Records shown:
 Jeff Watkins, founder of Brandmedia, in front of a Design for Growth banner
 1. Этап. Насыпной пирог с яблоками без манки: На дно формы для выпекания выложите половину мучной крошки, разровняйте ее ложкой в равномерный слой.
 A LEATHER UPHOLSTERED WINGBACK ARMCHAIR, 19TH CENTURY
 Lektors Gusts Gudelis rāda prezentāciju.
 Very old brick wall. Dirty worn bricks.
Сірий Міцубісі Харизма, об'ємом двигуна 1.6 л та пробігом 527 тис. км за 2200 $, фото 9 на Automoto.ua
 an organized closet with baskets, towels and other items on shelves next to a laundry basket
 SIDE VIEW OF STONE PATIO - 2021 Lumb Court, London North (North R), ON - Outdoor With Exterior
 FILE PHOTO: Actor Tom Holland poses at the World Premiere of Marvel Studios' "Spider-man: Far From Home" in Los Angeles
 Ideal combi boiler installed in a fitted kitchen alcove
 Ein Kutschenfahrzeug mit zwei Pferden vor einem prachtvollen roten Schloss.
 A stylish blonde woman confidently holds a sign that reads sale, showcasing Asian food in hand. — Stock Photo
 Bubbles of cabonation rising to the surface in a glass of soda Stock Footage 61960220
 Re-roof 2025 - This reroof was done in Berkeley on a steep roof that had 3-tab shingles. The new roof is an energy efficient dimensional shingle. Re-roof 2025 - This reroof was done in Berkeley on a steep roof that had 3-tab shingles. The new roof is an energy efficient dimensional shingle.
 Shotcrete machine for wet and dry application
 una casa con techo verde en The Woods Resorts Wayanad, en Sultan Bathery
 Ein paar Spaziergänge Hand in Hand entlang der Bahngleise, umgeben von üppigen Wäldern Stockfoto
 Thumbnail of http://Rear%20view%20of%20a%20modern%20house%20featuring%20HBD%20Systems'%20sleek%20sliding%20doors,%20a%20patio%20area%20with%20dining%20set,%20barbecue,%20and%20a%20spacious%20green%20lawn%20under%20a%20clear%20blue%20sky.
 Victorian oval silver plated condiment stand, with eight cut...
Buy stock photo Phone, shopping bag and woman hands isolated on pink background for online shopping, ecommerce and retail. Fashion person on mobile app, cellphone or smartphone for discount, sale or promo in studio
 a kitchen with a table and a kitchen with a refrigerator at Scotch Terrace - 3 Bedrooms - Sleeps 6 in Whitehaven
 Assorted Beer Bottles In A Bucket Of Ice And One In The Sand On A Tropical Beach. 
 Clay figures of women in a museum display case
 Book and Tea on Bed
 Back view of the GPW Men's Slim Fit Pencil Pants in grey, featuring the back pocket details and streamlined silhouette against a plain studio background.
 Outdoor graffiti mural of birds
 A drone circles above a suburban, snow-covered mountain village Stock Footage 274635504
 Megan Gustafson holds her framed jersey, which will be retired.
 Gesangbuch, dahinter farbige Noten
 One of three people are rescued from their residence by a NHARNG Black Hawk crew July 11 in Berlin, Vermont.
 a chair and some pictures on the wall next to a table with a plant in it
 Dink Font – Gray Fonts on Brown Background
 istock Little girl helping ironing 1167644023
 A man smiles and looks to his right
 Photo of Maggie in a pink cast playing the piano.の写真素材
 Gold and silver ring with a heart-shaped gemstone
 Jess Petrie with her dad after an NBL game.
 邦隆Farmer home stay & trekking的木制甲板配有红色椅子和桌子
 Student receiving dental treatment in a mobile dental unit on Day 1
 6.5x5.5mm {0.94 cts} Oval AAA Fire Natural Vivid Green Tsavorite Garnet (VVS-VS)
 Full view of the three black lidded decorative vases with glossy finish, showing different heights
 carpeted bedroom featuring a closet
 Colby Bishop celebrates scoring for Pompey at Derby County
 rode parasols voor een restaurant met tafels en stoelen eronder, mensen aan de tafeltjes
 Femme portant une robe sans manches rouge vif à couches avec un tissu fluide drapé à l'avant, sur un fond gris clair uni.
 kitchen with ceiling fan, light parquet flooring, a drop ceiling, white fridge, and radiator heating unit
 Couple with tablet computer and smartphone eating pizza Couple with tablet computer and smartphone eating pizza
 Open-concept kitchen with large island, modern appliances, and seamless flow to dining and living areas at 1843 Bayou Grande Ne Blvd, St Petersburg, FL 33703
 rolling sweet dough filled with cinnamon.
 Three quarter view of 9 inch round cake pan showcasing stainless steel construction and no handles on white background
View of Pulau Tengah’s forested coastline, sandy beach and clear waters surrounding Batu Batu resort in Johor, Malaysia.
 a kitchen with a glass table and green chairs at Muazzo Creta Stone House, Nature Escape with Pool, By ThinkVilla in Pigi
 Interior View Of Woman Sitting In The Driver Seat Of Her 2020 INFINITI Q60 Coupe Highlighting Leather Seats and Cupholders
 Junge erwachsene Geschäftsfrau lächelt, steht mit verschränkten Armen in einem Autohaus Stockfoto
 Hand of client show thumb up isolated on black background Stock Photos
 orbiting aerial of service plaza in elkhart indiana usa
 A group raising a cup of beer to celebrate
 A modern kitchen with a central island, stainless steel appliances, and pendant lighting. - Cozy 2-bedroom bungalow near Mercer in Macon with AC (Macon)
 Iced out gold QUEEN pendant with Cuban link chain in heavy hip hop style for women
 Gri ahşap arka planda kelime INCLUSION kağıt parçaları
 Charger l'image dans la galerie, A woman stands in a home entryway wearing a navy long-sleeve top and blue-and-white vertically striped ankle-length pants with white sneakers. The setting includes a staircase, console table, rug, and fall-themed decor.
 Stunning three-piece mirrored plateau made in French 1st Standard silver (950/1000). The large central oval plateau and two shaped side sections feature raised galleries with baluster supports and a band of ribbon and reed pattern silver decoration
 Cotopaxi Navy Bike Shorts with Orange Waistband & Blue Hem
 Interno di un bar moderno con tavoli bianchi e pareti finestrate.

Exercise prompt:
Within the material above, output exactly the lines from the one with "rolling sweet dough filled with cinnamon." through the one with "View of Pulau", end lines included, and nothing besides.

Exercise response:
 rolling sweet dough filled with cinnamon.
 Three quarter view of 9 inch round cake pan showcasing stainless steel construction and no handles on white background
View of Pulau Tengah’s forested coastline, sandy beach and clear waters surrounding Batu Batu resort in Johor, Malaysia.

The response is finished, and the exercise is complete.